Frank Gaffney

It might seem unimaginable that Bush Administration officials, such as Deputy Secretary of State John Negroponte and State Department Legal Advisor John Bellinger, could get away with dissembling before a Senate committee led by a Democrat who wants to be considered a serious contender for the presidency. Perhaps that is happening because Sen. Biden could not find the time to attend either of the two hearings he called concerning the Treaty. Neither for that matter did the panel’s two other active presidential candidates, Democrats Barak Obama and Chris Dodd. Don’t bother them with the facts. Let’s vote.

Then there is the Senate Select Committee on Intelligence. It did manage to hold a hearing on LOST, but it was a classified session and only featured official witnesses. Unsurprisingly, all of them supported ratification. What is surprising, though, is Chairman Jay Rockefeller’s uncharacteristic acceptance at face value of representations by executive branch officials like Director of National Intelligence Mike McConnell. Based on such testimony, Sen. Rockefeller recently signed a letter with GOP Vice Chairman Kit Bond declaring that U.S. adherence to the Treaty would have no negative implications for U.S. intelligence. While there are strong arguments to the contrary, like Mr. Biden, Sen. Rockefeller has no time for a second opinion that might produce inconvenient truths.

As things stand now, the Foreign Relations Committee’s inaccurate and unbalanced record will be the only public one Senators have to go on. Formal requests made by Sen. Jim Inhofe, a senior member of the Senate’s Armed Services and Environment and Public Works committees, asking them to examine the Treaty’s myriad repercussions for matters within their jurisdiction are going unanswered. The same is true of similar appeals made to those and six of the Senate’s other committees with relevant areas of responsibility by the Coalition to Preserve American Sovereignty (see

So, here’s what Senators and their constituents need to know as decision-time looms on LOST: Ronald Reagan rejected the Law of the Sea Treaty twenty-five years ago. We have been able to survive ever since without being a party to it, following Mr. Reagan’s direction – observing its provisions regarding navigation, with which we can live, and not being bound by those hostile to our interests.

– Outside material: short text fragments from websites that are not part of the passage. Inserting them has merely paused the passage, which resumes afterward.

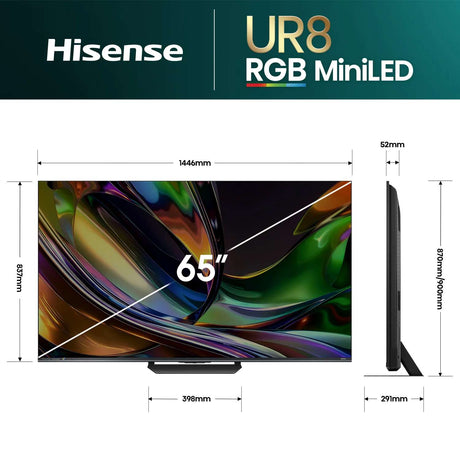 Hisense 65" RGB Mini LED UR8S 180Hz 4K Smart AI TV 65UR8SAU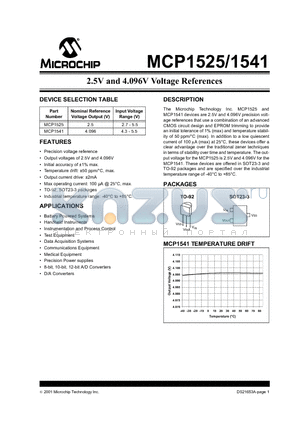 MCP1525 datasheet - 2.5V AND 4.096V VOLTAGE REFERENCES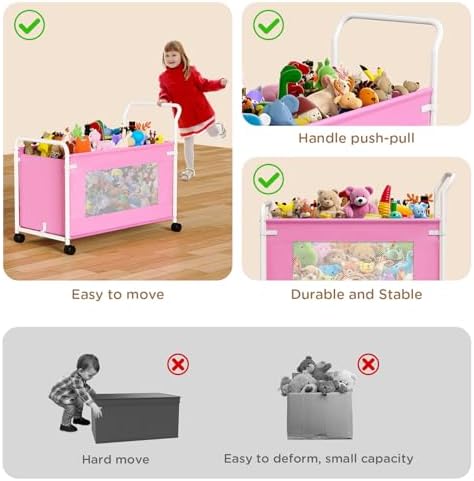 KEEGH Extra Large Toy Box for Kids, Heavy Duty Toy Storage Organizer, Pink - Image 5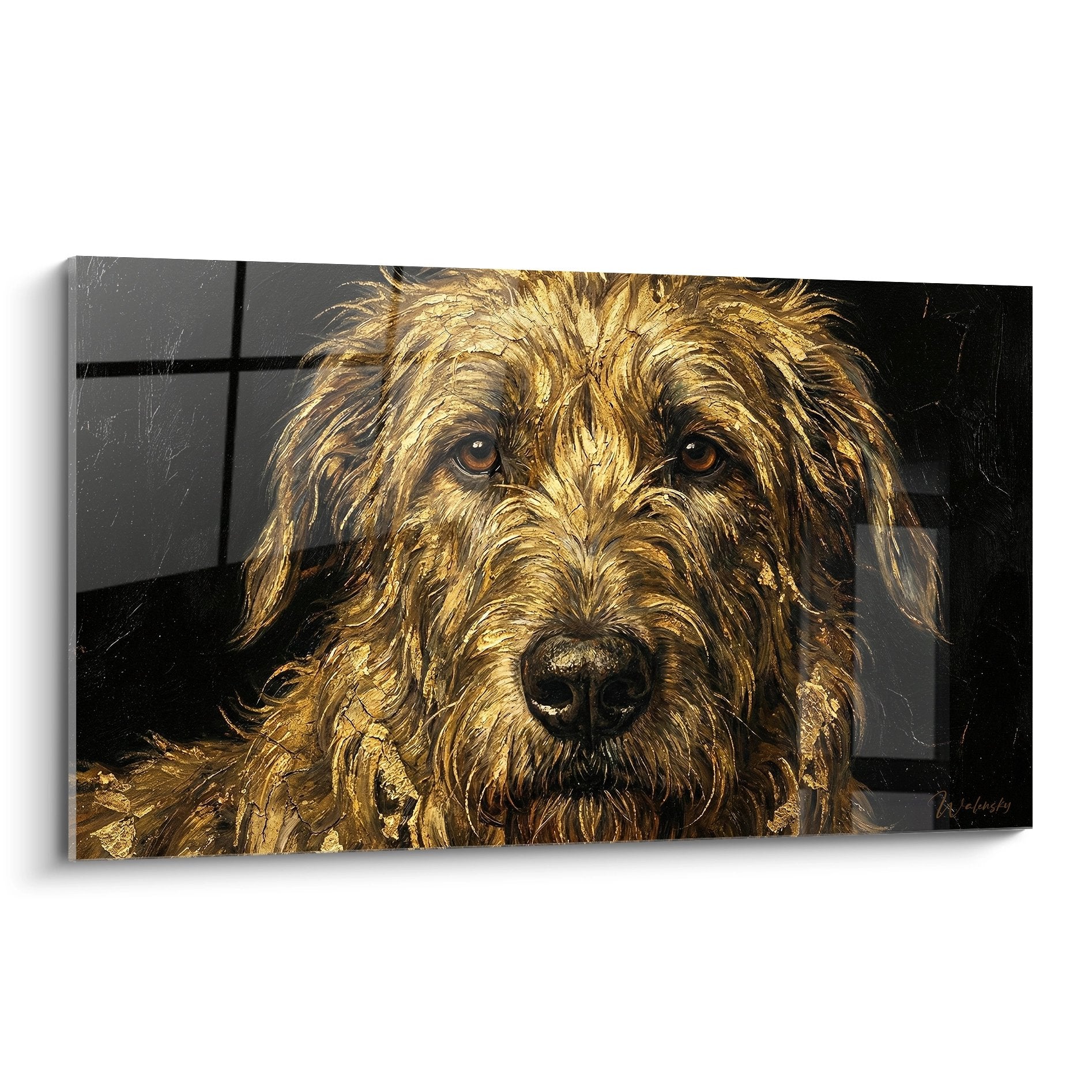 Portrait artistique Irish Wolfhound pelage cuivre dore regard ambre fond sombre tableau mural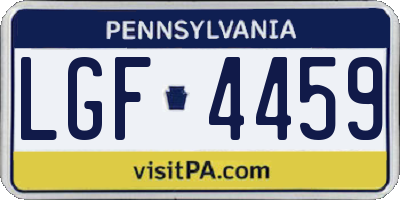PA license plate LGF4459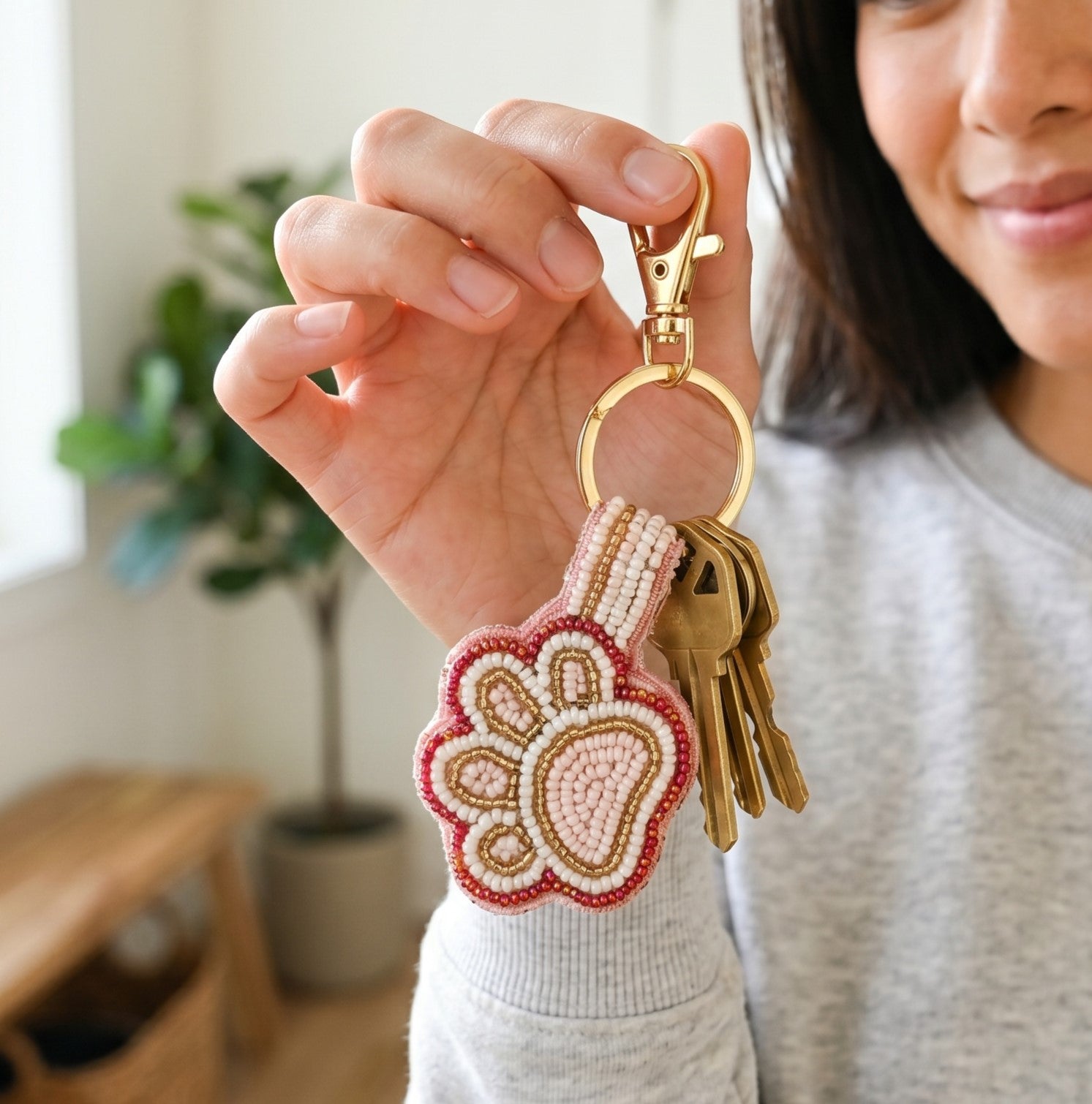 Paw Print Beaded Keyring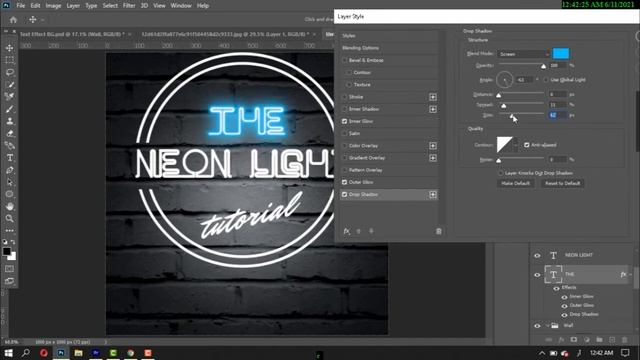 Realistic Neon Light Effect in Photoshop смотреть онлайн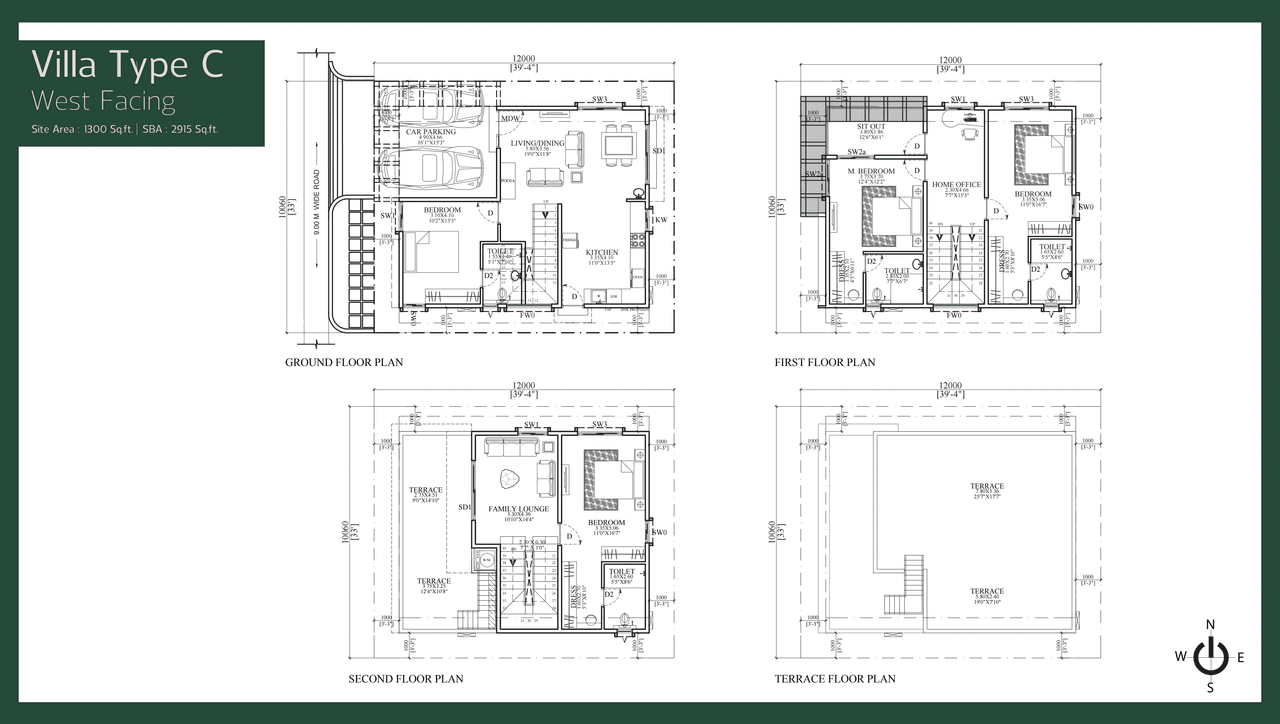 Trifecta Verde En Resplandor Unit plan - 1300 sq.ft.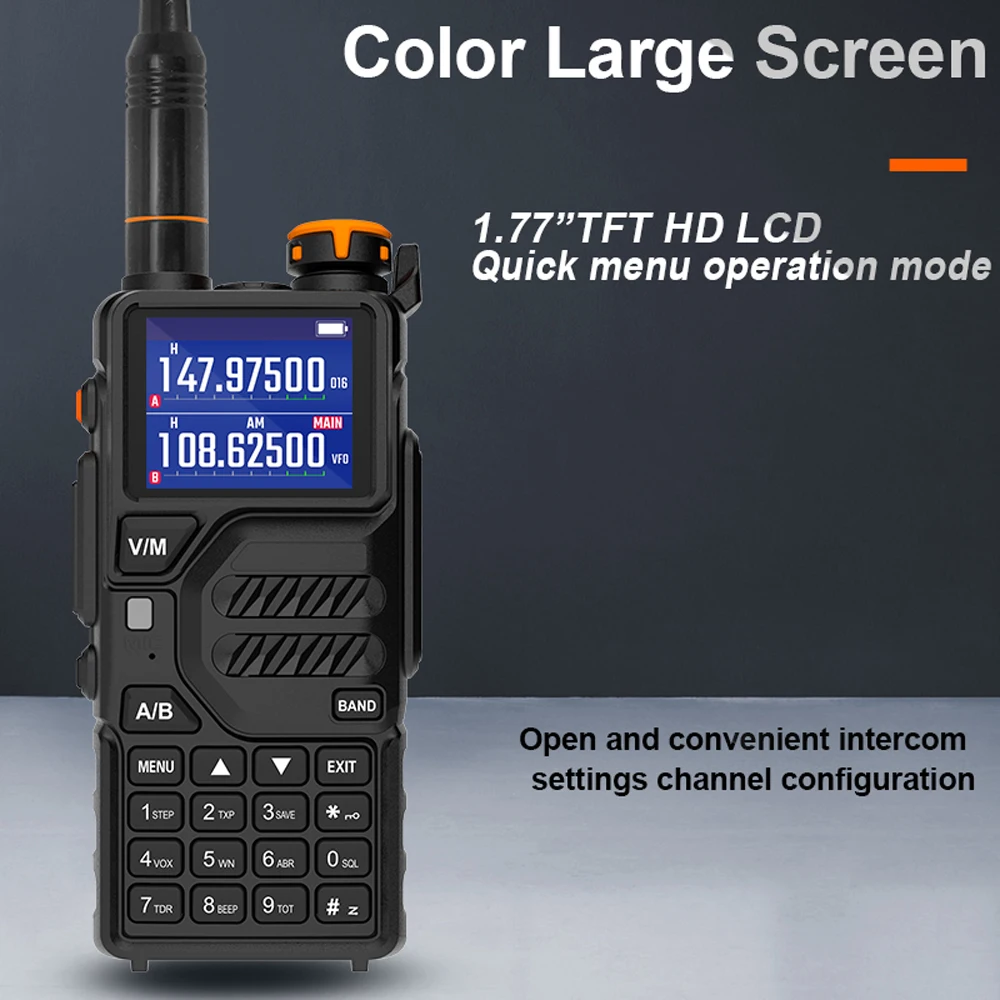 Baofeng-UV-K5プラスウォーキートーキー、12w、大容量、am、fm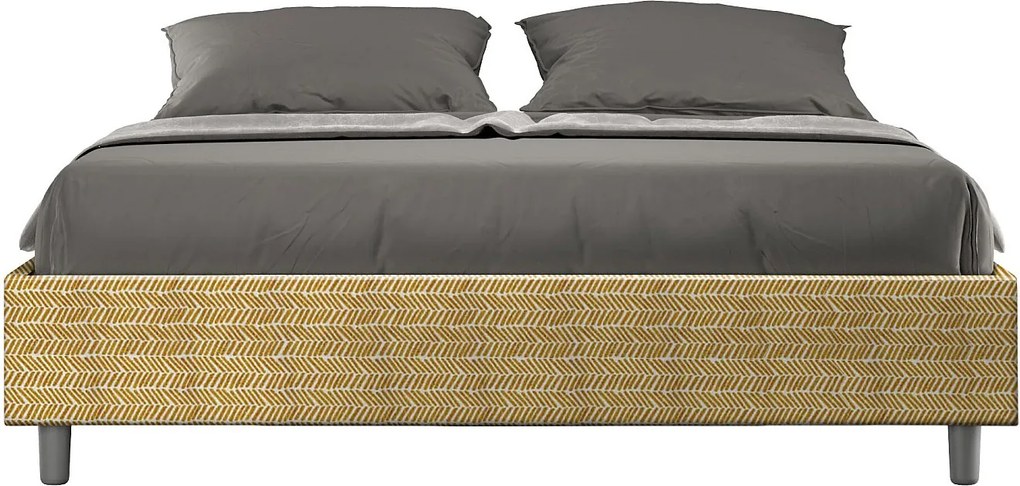 Łóżko wyposażone w stelaż z listwami tapicerowane 160x190 tkaniny Aragona 3 Żółty Azelia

The latter involve, among other things, a supranational, UN-affiliated government of the seas with the power to extend its authority to our interior waters, sovereign territory and even our air. There is no justification for haste, let alone stealth, in trying to make such a treaty the “supreme law of the land.”

The Republican leadership, both in Congress and on the presidential hustings, recognizes that what is at stake in LOST amount to defining issues. These leaders learned something from the ugly fiasco that resulted during the elite’s recent efforts to foist immigration “reform” on the American people. Much of the public is deeply skeptical of secretive initiatives that would, similarly: undermine U.S. sovereignty; compromise our constitutional, representative form of government and its exclusive responsibility for regulating our national affairs; and endanger our security interests and economic competitiveness.

As with immigration, it matters not a whit to millions of American voters that President Bush and the establishment elite support such dubious initiatives. In the absence of Senate due-diligence and transparency about LOST, particularly those Senators up for reelection next year flout this pivotal part of the electorate at their peril.

Frank Gaffney

Frank Gaffney Jr. is the founder and president of the Center for Security Policy and author of War Footing: 10 Steps America Must Take to Prevail in the War for the Free World .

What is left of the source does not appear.